Indeed, the applied models did not reveal any significant climatic effects on non-native species diversity. However, the results suggest that native species' γ diversity, which represents the total regional native species richness, was a significant predictor of a site's α diversity and the regional non-native γ diversity. While a positive increase in native γ diversity is unlikely to favor higher invasion rates, the positive relationship between native species γ diversity and non-native α and γ diversity is intriguing. This relationship may reflect (1) a higher identification bias, which positively affects non-native species identification as well, while it may also (2) be due to favorable environmental conditions that promoted higher detection rates, or (3) reflect general shifts in species richness in an already anthropogenically altered environment. Remarkably, our findings revealed that the γ:α diversity ratio of native species was larger than that of non-native species, implying that non-native species exhibited a more uniform distribution across the studied stretch of the Rhine river compared to native species, which is suggestive of the prevalent ecological profile of non-native species (Leprieur et al. 2008).
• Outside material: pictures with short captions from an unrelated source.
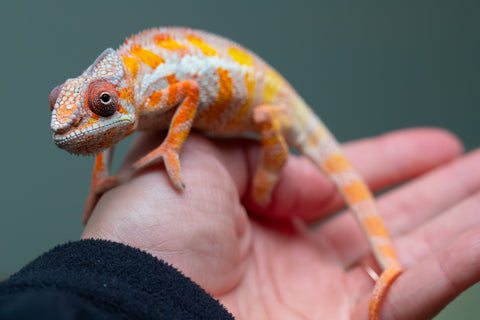 Holdbacks/Individuals: "Pick of Litter" Ambilobe Offspring from "Lahiaivo-vorondolo" (AKA Son Owl) x "Fohy-mofo" (AKA Shortbread) - Hatched July 2025 - Male #6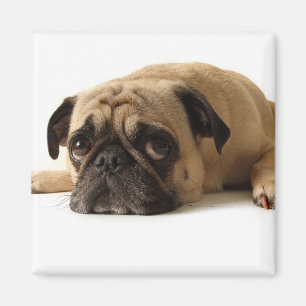 Sad Pug Magnet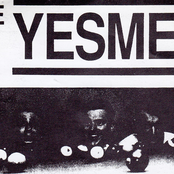 the yesmen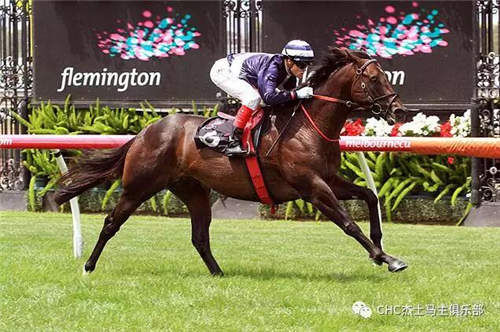 纯血马顶级种公马有哪些,顶级公马品种大全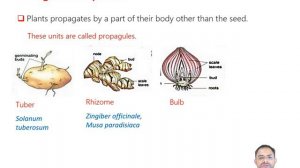 Apomixis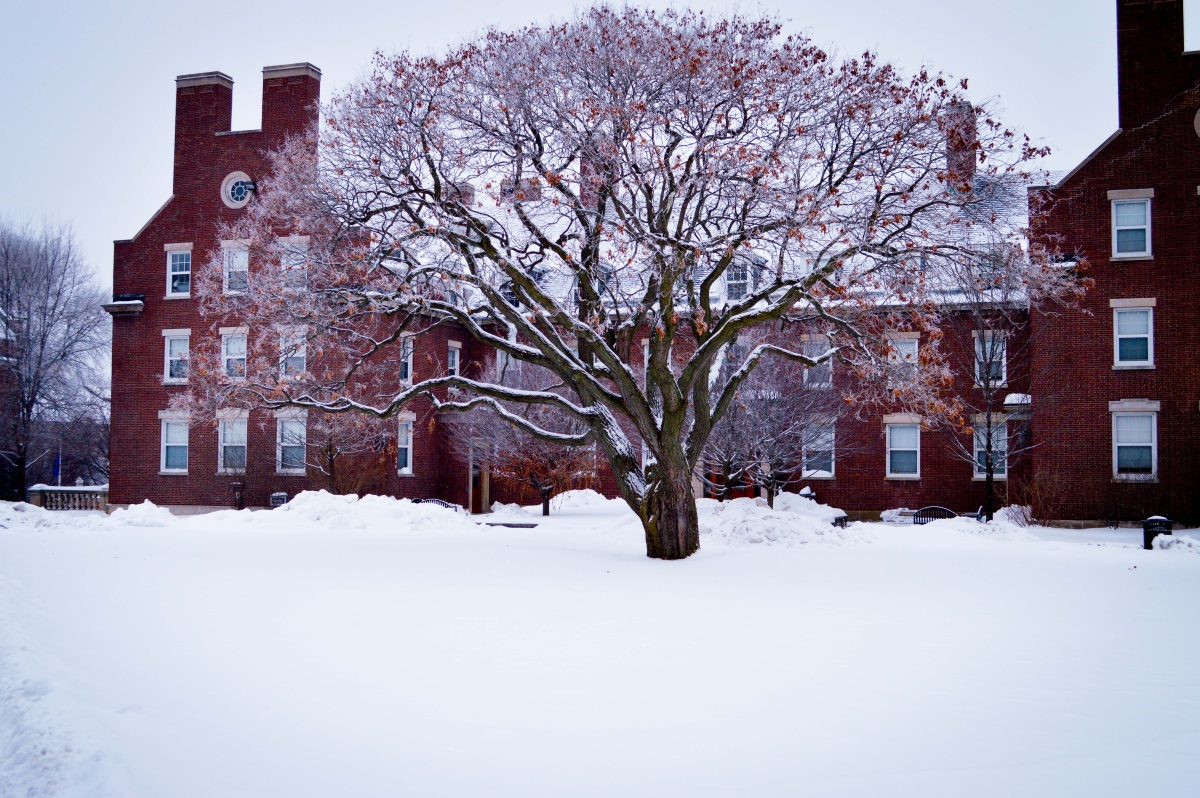 罗切斯特大学校园的冬天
Although only the change over time was found to be significant for β diversity, non-native α diversity was also predicted by an increasing distance to the outlet. The continuous invasion of non-native species from the Ponto Caspian region in the Rhine River since the opening of the Rhine-Main-Danube canal in 1992 may explain why the distance to the outlet reflects the ongoing downstream spread of non-native species. Hence, our results suggest that the effects of anthropogenic disturbance that caused severe degradation of habitats outweigh climatic effects (Vitousek et al. 1997; Hulme 2007), or that in an already highly anthropogenically altered system, climate effects are of lesser magnitude. This, once again, underlines the importance of restoration projects to revert ecosystems to their natural condition (Strayer et al. 2005; Sinclair et al. 2022).

Long-term biomonitoring data analysis has hence become a critical component of ecological science and should be considered by invasion scientists. Our findings suggest that 20 long-term monitoring sites along the Rhine River repeatedly monitored over the study period were sufficient to identify all non-native species, indicated by saturation curves having reached their respective asymptote. This highlights the significance of having a network of long-term monitoring sites with high spatio-temporal resolution, such as eLTER (Mirtl 2018). Interestingly, the native species accumulation curve reached its asymptote considerably later, possibly indicating better species-level identifications or the immigration of native species from the surrounding areas. The Rhine River is frequently used for shipping and likely serves as a steppingstone for the introduction of new alien species upstream (Leuven et al. 2009). Therefore, long-term biomonitoring throughout the entire Rhine River catchment could prove to be an effective way not only to identify non-native species introductions but also to mitigate their spread (Feld et al. 2011). Our results thus support the value of long-term biomonitoring in identifying non-native species.